The impasse has raised the possibility of Congress and White House overseeing the first national debt default.
“Our best estimate is that we will be unable to continue to satisfy all of the government’s obligations by early June, and potentially as early as Jun 1, if Congress does not raise or suspend the debt limit before that time,” said Yellen on Monday, in a letter addressed to House Speaker Kevin McCarthy and other leaders.
While the United States hit its US$31.4 trillion borrowing limit in January, the Treasury has taken extraordinary measures that allow it to continue financing the government’s activities.
But if the debt ceiling is not raised or suspended before current tools are exhausted, the government risks defaulting on payment obligations, with profound implications for the economy.
“Given the current projections, it is imperative that Congress act as soon as possible to increase or suspend the debt limit in a way that provides longer-term certainty that the government will continue to make its payments,” Yellen said.
The White House said late on Monday that Biden called McCarthy that afternoon to invite him to a meeting on May 9 with the other chief Republican and Democratic leaders of Congress.
A source familiar with negotiations told AFP that Biden spoke on Monday with McCarthy on extending the national debt and avoiding a default.
As head of the narrow Republican majority in the House, McCarthy has primary control over US budget issues.
In a statement late on Monday, McCarthy appeared unbowed, accusing Biden of “threatening to bumble our nation into its first ever default.” He called on the president and the Senate “to get to work – and soon” to accept spending cuts and avert the crisis.
In an earlier letter, Yellen said it was unlikely that cash and extraordinary measures would run out before early June.
She added on Monday that the latest expectations are based on current available data and noted that the actual date when Treasury exhausts its measures could be “a number of weeks later” from the early June estimate.
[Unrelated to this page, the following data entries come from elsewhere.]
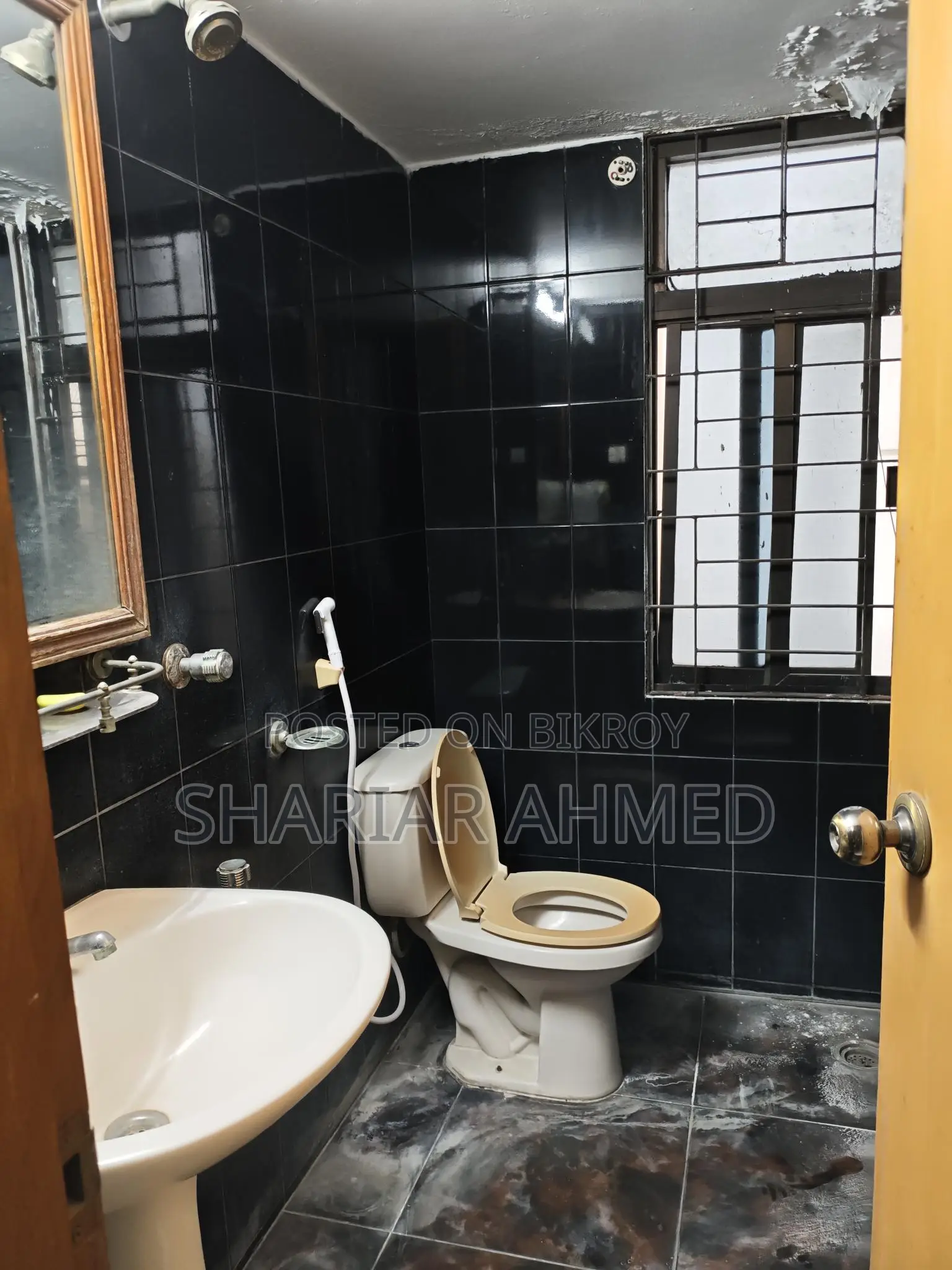 2000 Sqft 3 Bed Un-furnished Apartment For Rent In Gulshan in Gulshan
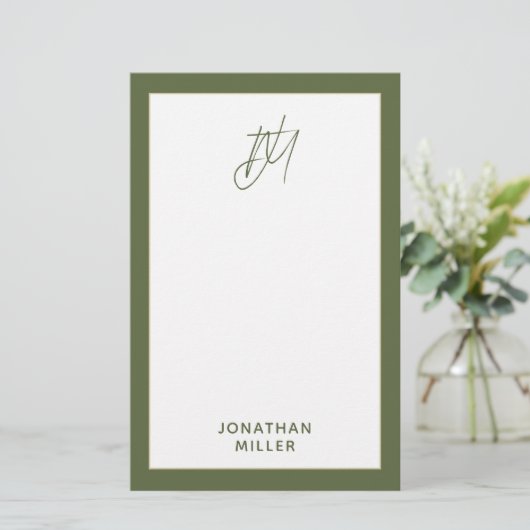 Modern Olive Green Monogram Briefpapier (Staand voorkant)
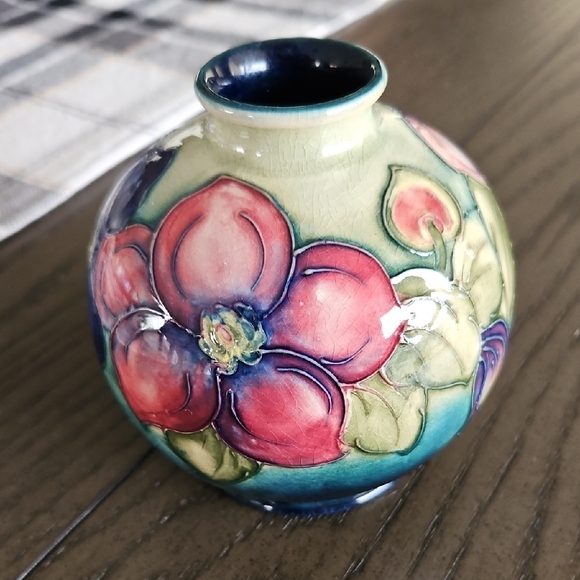 Floral Pottery Vase with Vibrant Colors "Walter Moorcroft" - Vintage - Picture 3 of 12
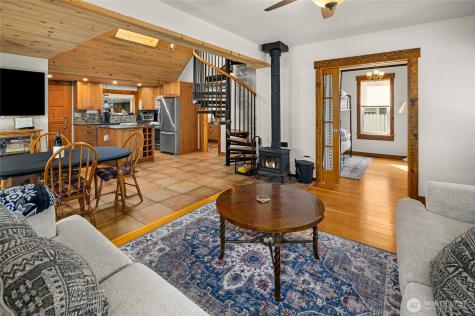 132 4th Street Roslyn WA 98941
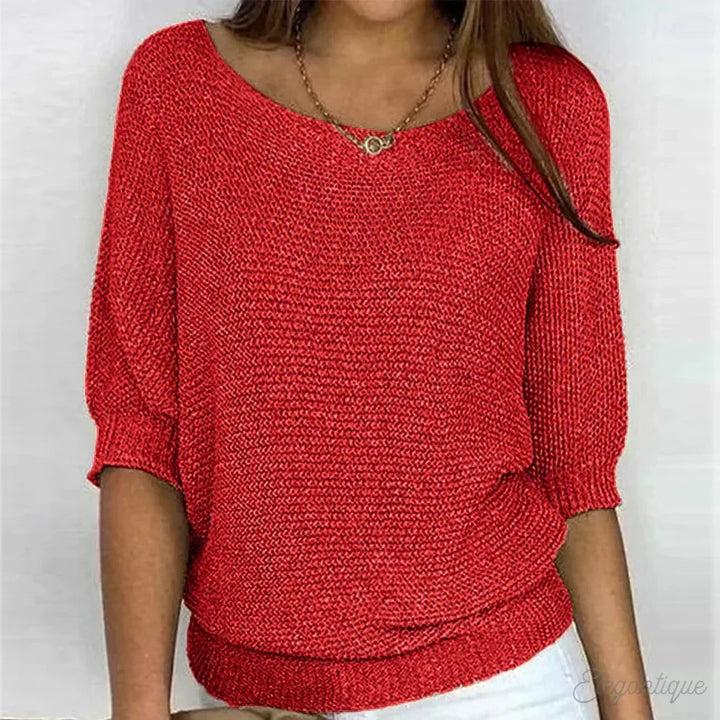 Elegancki sweter dzianinowy damski w naturalnym oświetleniu pokazujący strukturę dzianiny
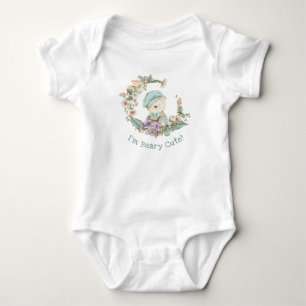 Reizende "SEHR NIEDLICH" Illustration - Blumenkran Baby Strampler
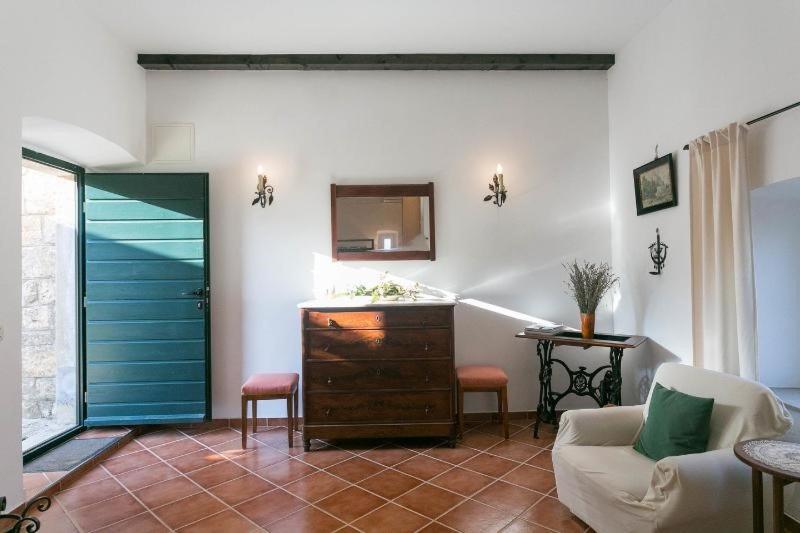 Posedenie v ubytovaní Rural villa Forest with private pool near Dubrovnik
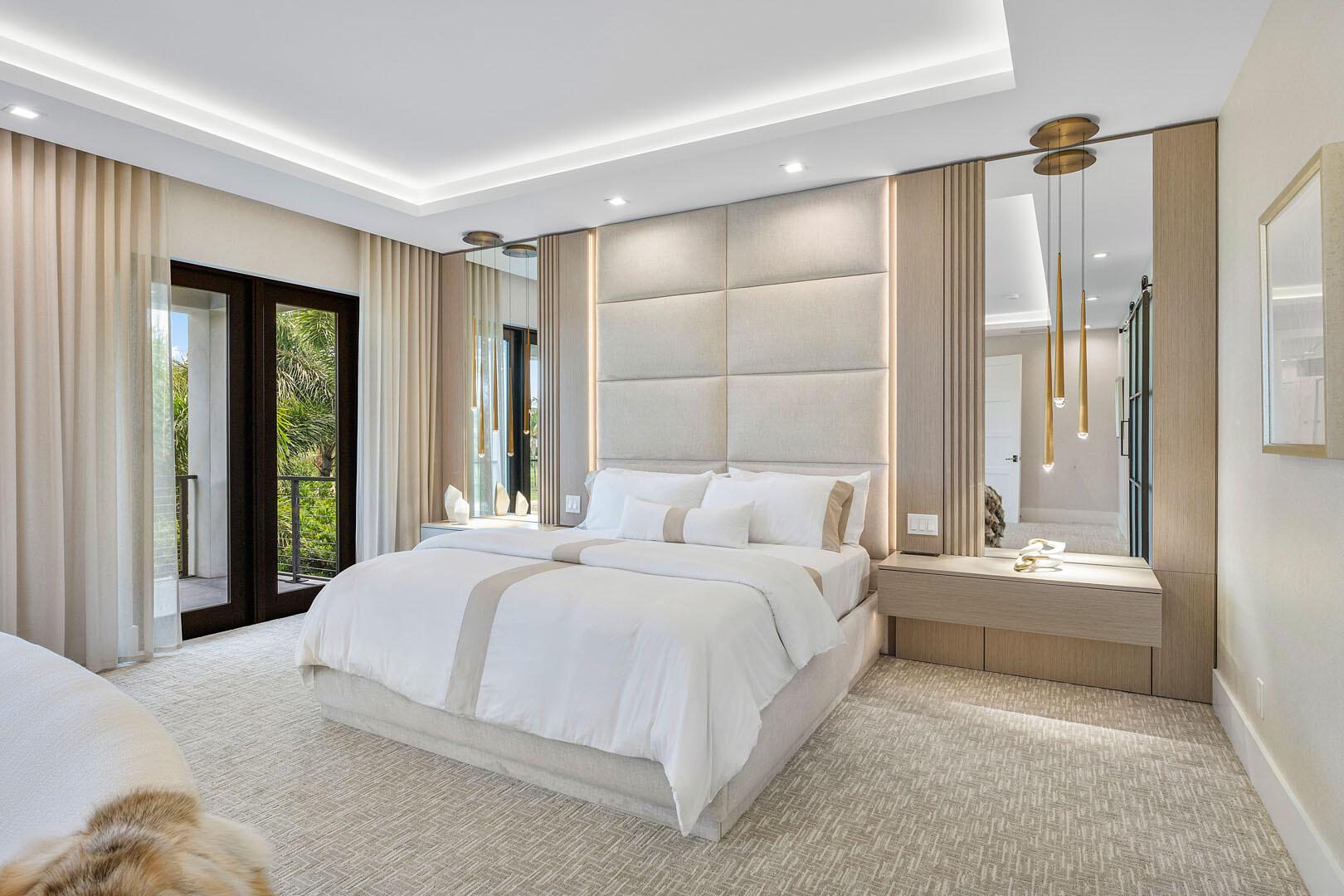 ROYAL PALM YACHT & COUNTR - Residential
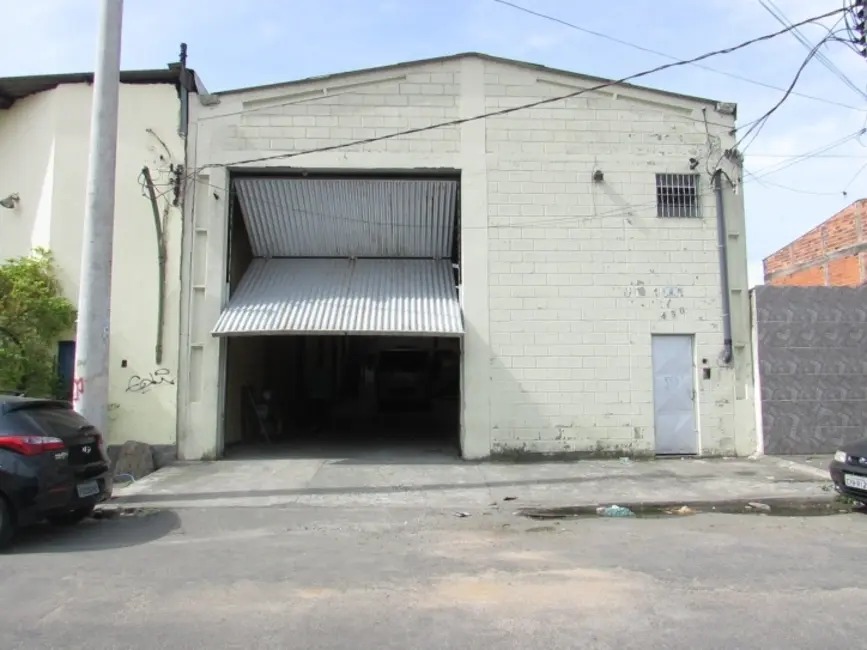 Foto 1 de Armazém / Galpão à venda, 400m2 em Vila São Carlos, Itaquaquecetuba - SP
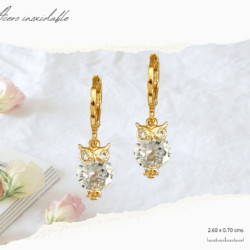 Aretes / Arracadas dorados con adorno buhos con cristales miden 2.50 x 1.40 cms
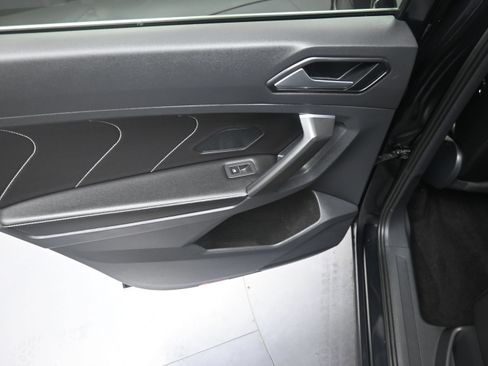 Used 2023 Volkswagen Tiguan SE AWD/4WD image 14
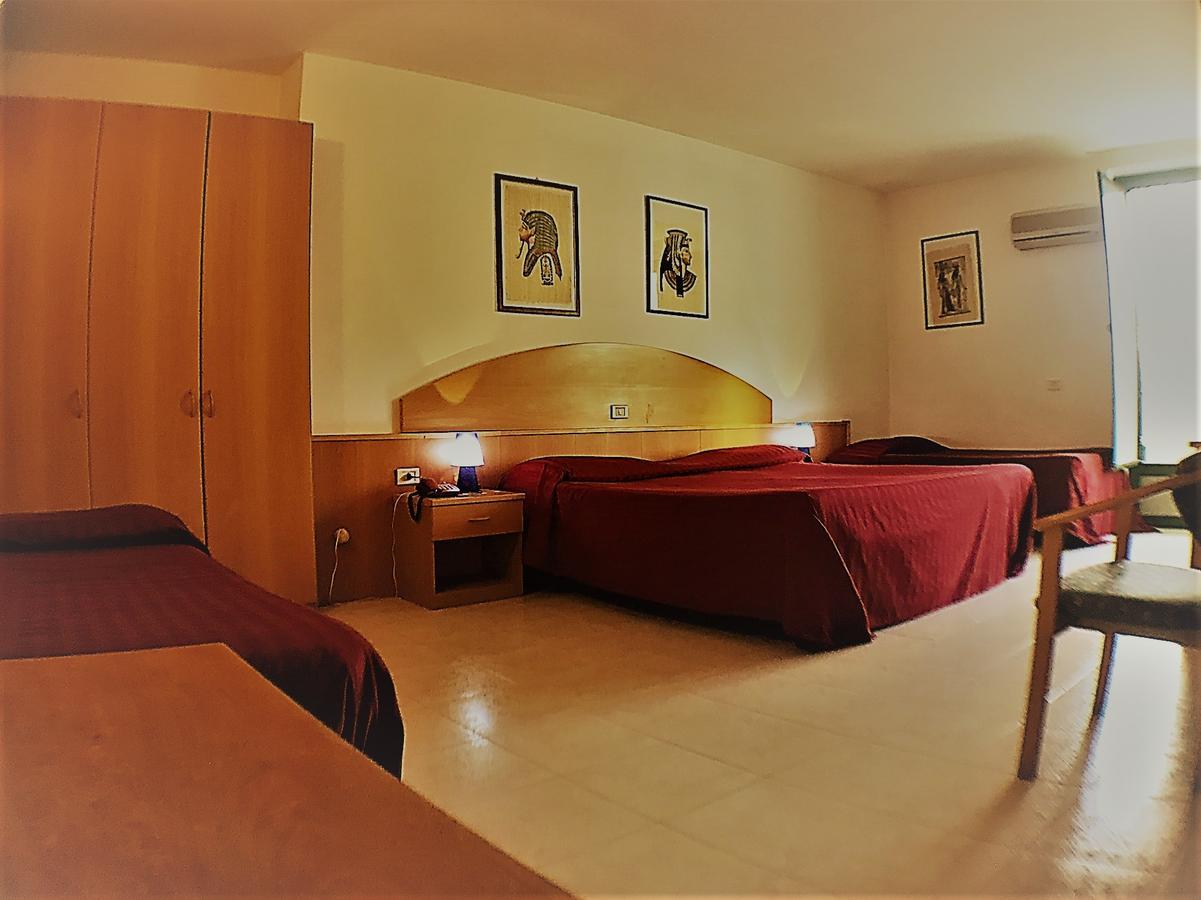 Ascot Lodging Cardano Al Campo Exterior foto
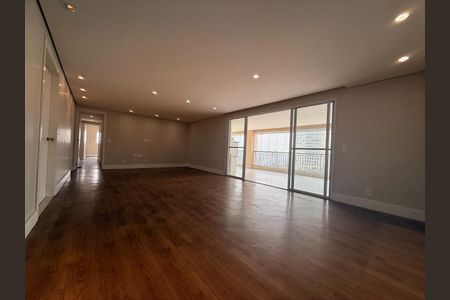 Apartamento à venda com 210m², 4 quartos e 3 vagas Apartamento à venda com 210m², 4 quartos e 3 vagasFoto 33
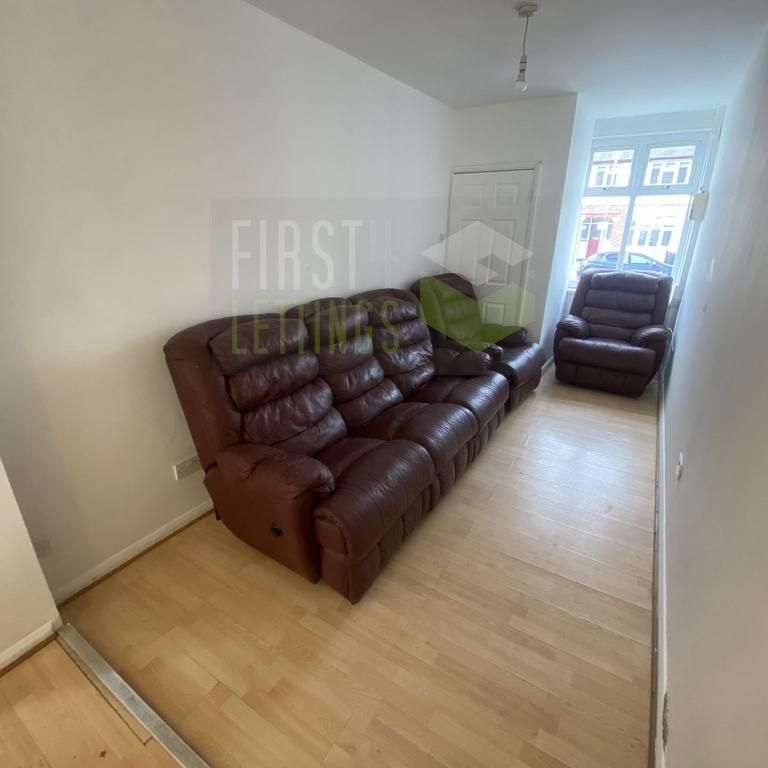 5 bedroom semi-detached house to rent - Photo 1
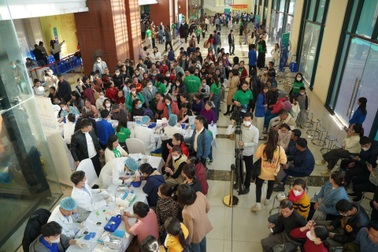 Hơn 1.000 người dân Thanh Hóa được khám sức khỏe miễn phí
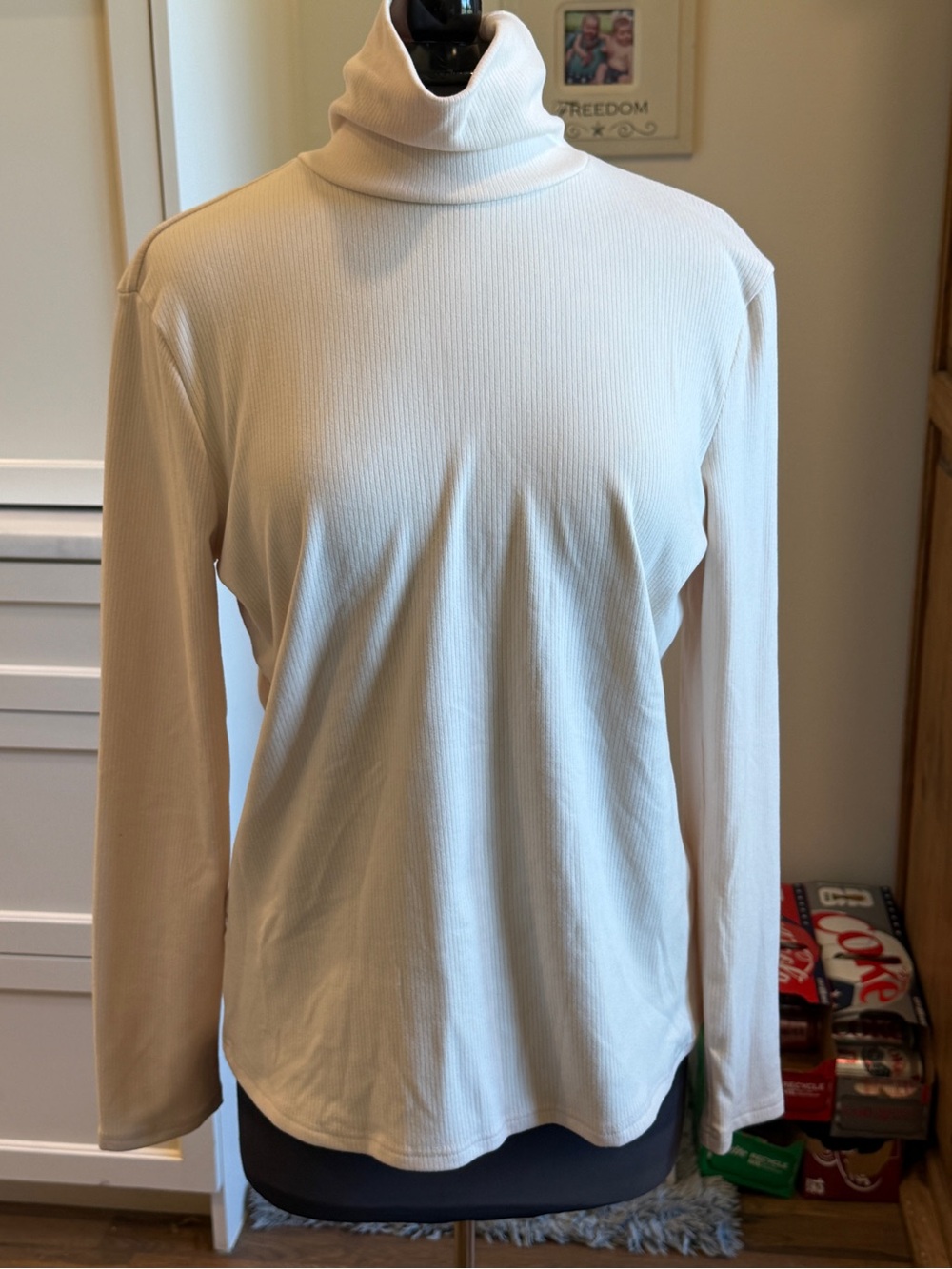 Amazon Essentials Cream Ribbed Turtleneck Sweater - Women's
“SIGNIFICANTLY GREATER RISK”
“Because tax receipts through April have been less than the Congressional Budget Office anticipated in February, we now estimate that there is a significantly greater risk that the Treasury will run out of funds in early June,” said CBO director Phillip Swagel in a separate statement on Monday.
In an earlier report, the CBO projected that extraordinary measures would likely be exhausted between July and September, although it also acknowledged uncertainty in its expectations.
“House Republicans are running out of time to avert an economic catastrophe of their own making,” said Brendan Boyle, a top Democrat on the House Budget Committee.
“Today’s update from the Treasury Department needs to be a wakeup call for Speaker McCarthy,” he added, saying that the Speaker has “wasted enough of the House’s time” appeasing his extreme allies.
But House Republicans, in a tweet after the Treasury’s announcement, doubled down on the need to “limit Washington spending.”